◆ INFORMATION PROVIDED

*** Begin section ***

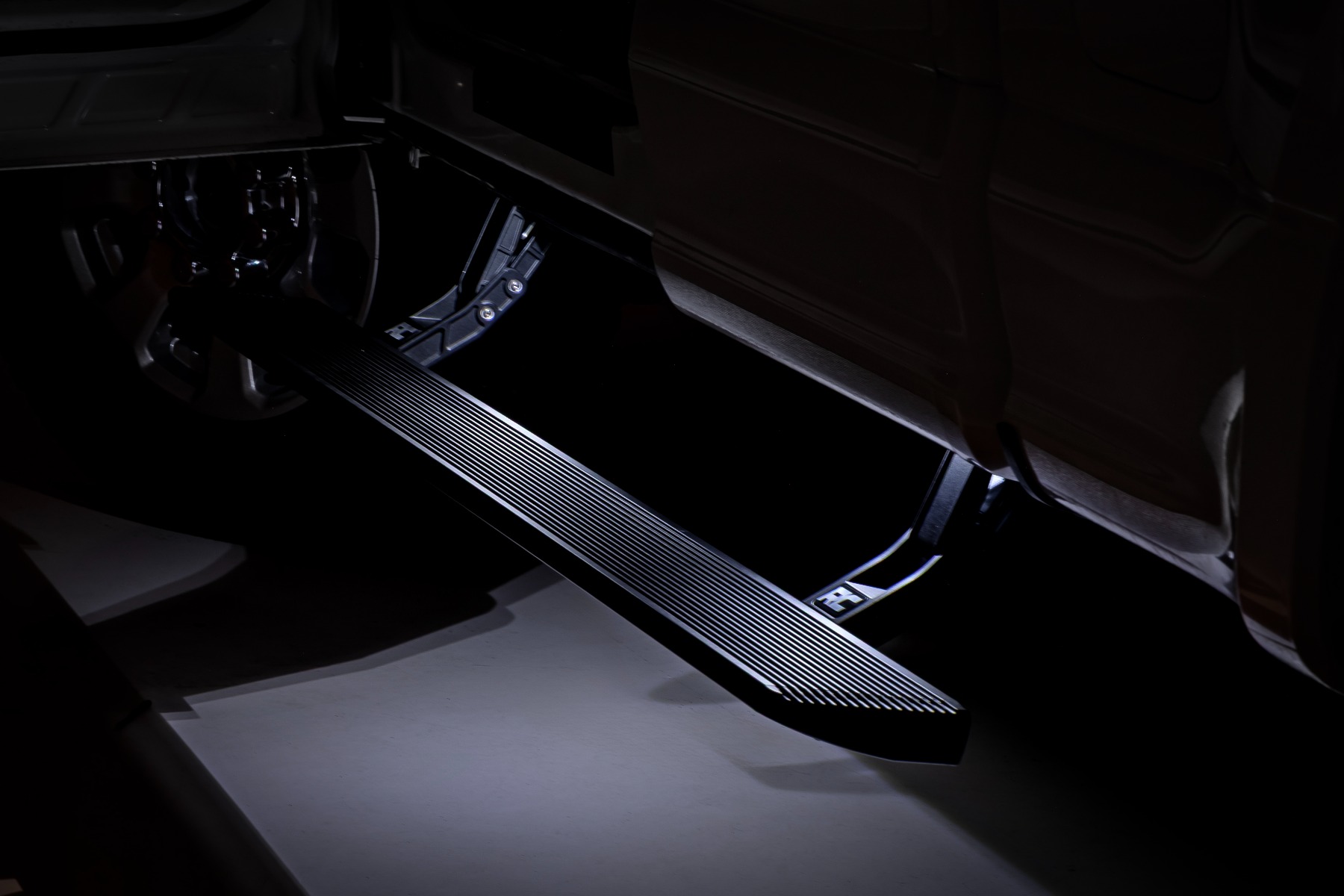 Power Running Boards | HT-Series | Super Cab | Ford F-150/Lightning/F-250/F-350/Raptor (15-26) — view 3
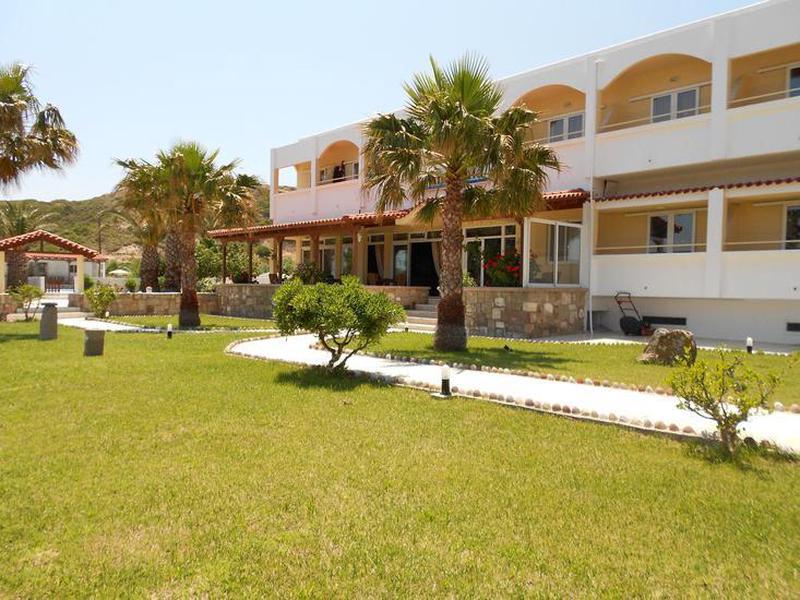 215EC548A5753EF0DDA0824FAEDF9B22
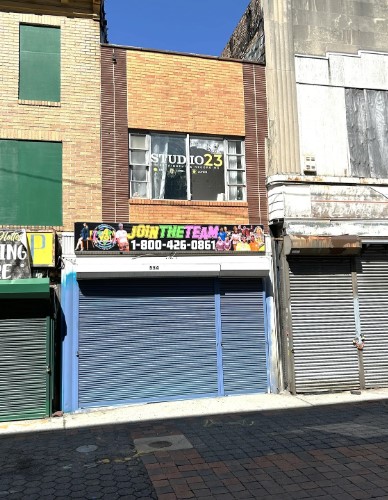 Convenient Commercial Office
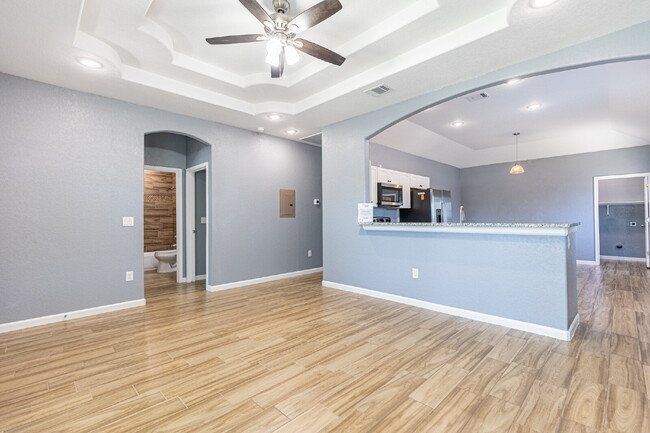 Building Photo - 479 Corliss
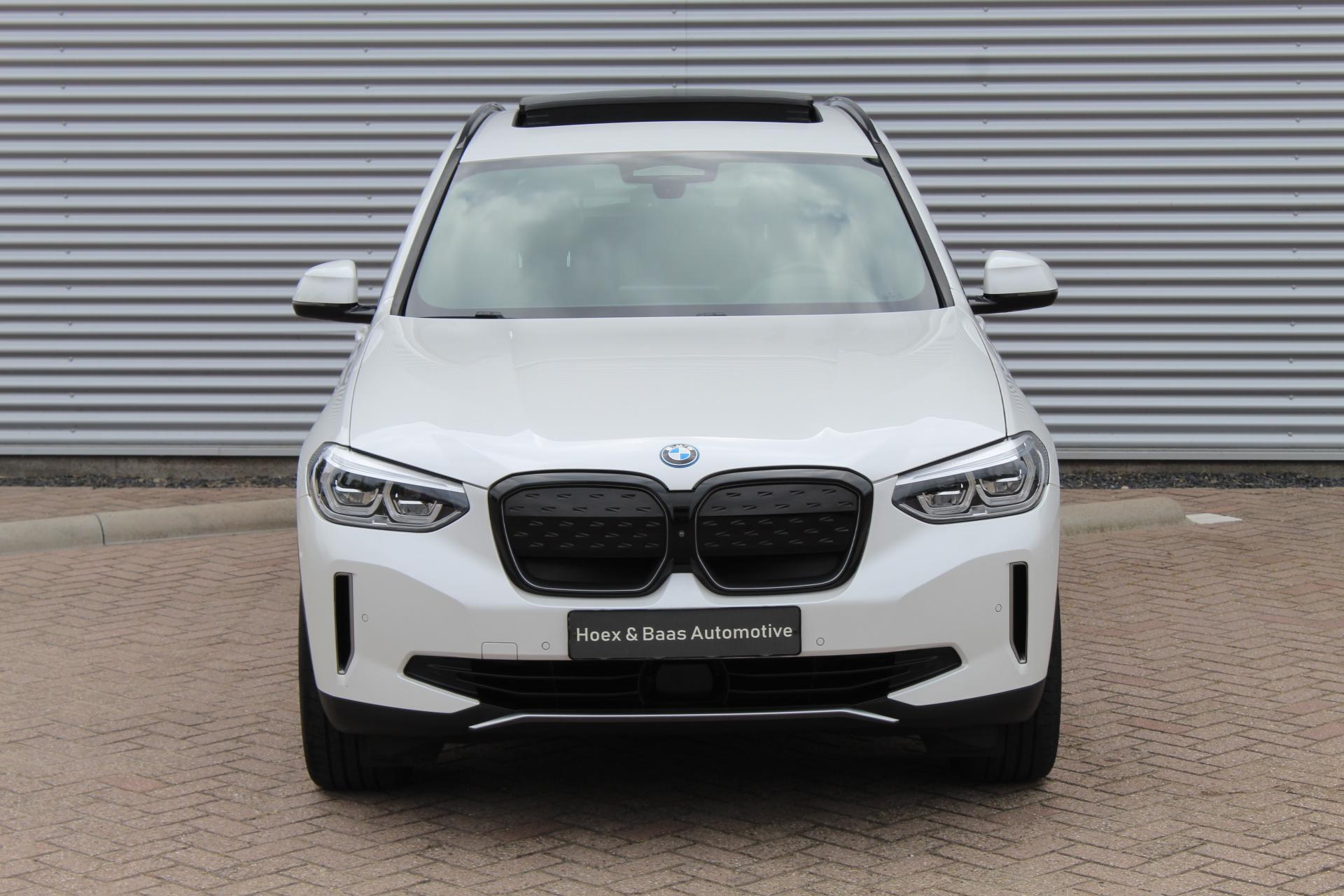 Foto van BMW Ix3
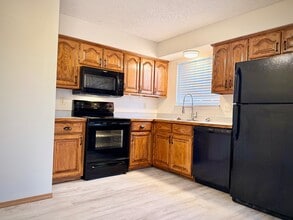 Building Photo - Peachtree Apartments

*** End section ***
*** Begin section ***

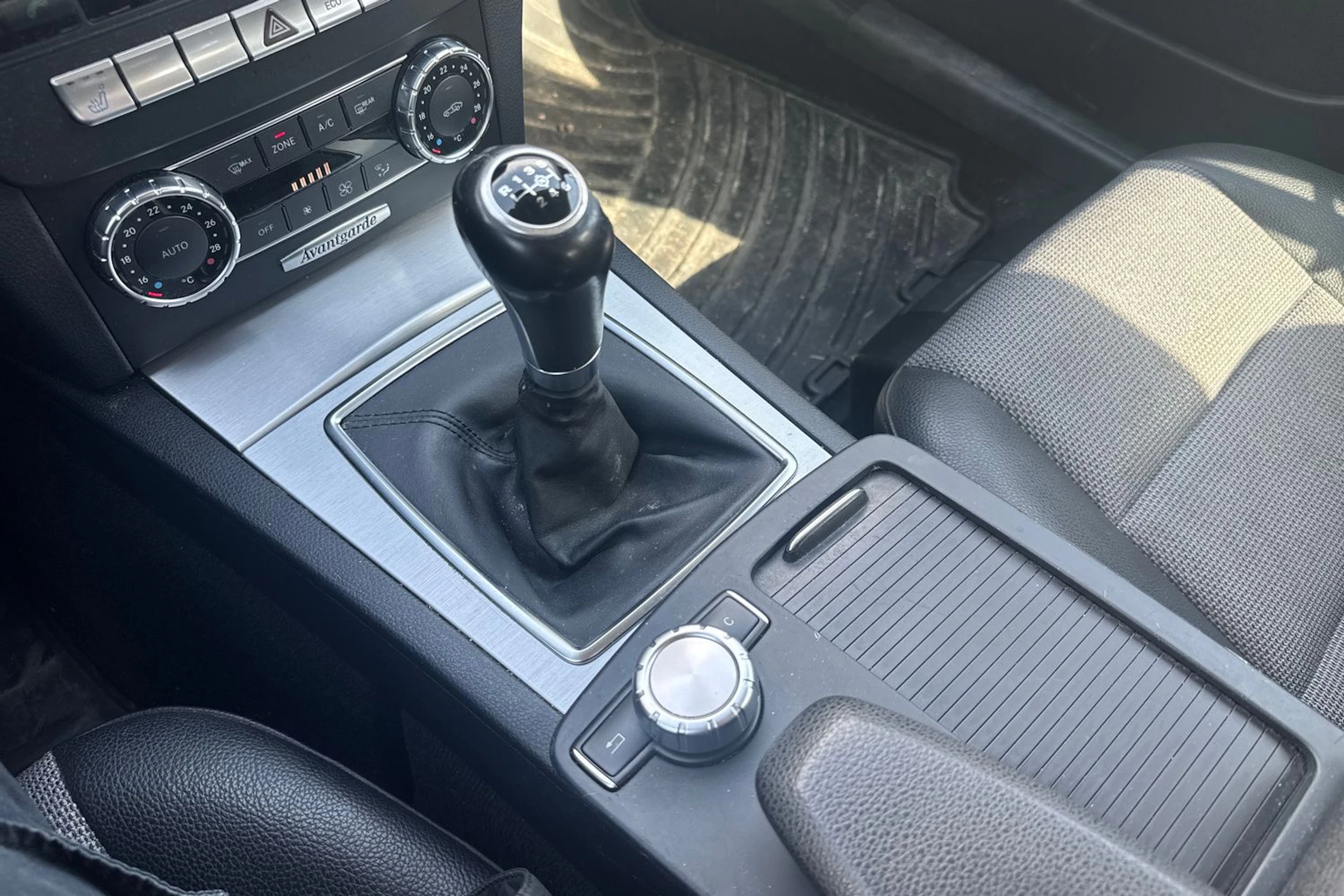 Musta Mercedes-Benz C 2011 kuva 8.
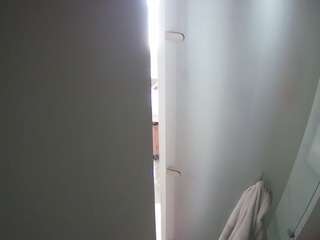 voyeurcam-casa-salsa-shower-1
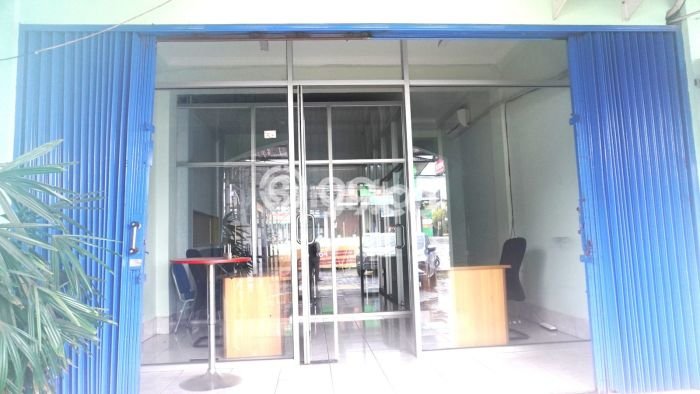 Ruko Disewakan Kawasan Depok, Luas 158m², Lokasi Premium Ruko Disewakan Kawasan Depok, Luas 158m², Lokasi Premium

*** End section ***
*** Begin section ***

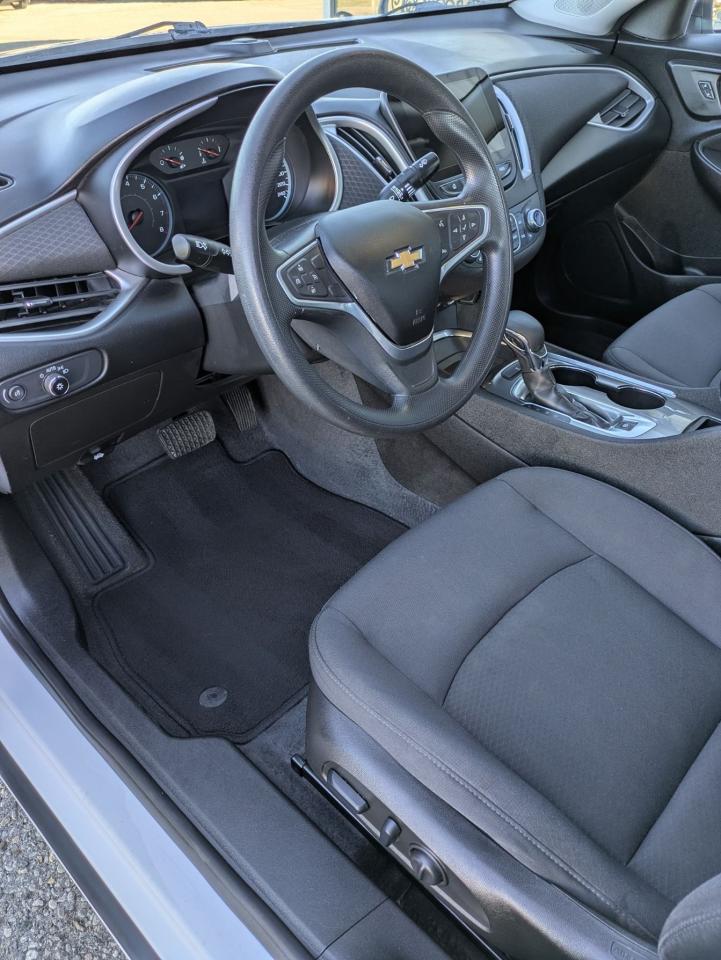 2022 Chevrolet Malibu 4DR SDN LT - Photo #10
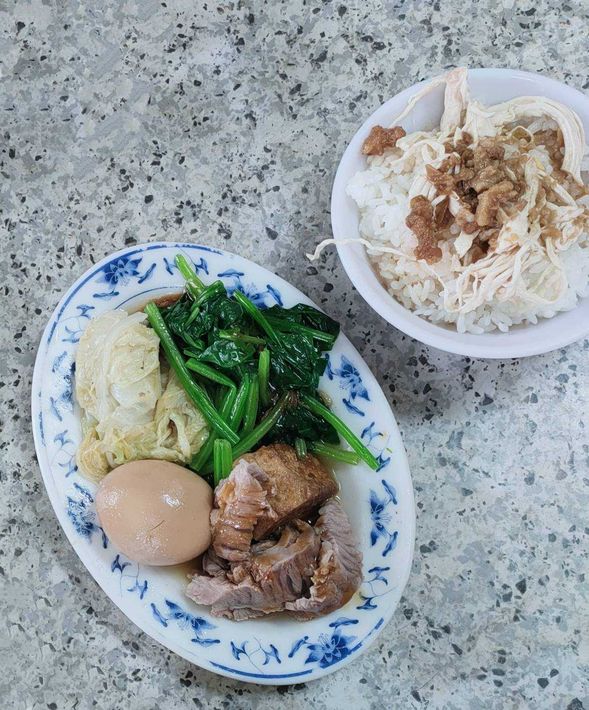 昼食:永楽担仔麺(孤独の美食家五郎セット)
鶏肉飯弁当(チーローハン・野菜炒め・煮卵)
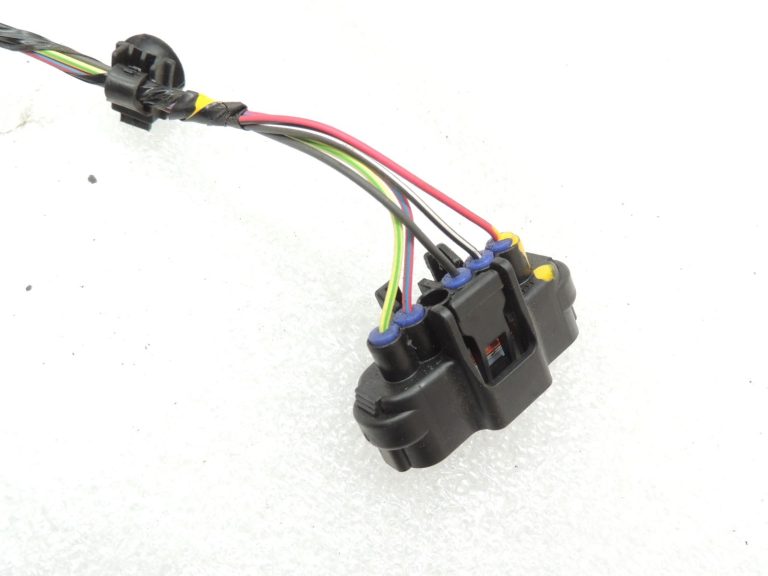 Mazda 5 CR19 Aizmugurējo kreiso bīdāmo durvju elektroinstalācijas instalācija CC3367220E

*** End section ***

◆ REQUIREMENT
Reproduce the data above exactly, but only from the line containing "Power Running Boards" through the line containing "Building Photo - Peachtree Apartments"; skip the pictures.

◆ WRITTEN ANSWER
 Power Running Boards | HT-Series | Super Cab | Ford F-150/Lightning/F-250/F-350/Raptor (15-26) — view 3
 215EC548A5753EF0DDA0824FAEDF9B22
 Convenient Commercial Office
 Building Photo - 479 Corliss
 Foto van BMW Ix3
 Building Photo - Peachtree Apartments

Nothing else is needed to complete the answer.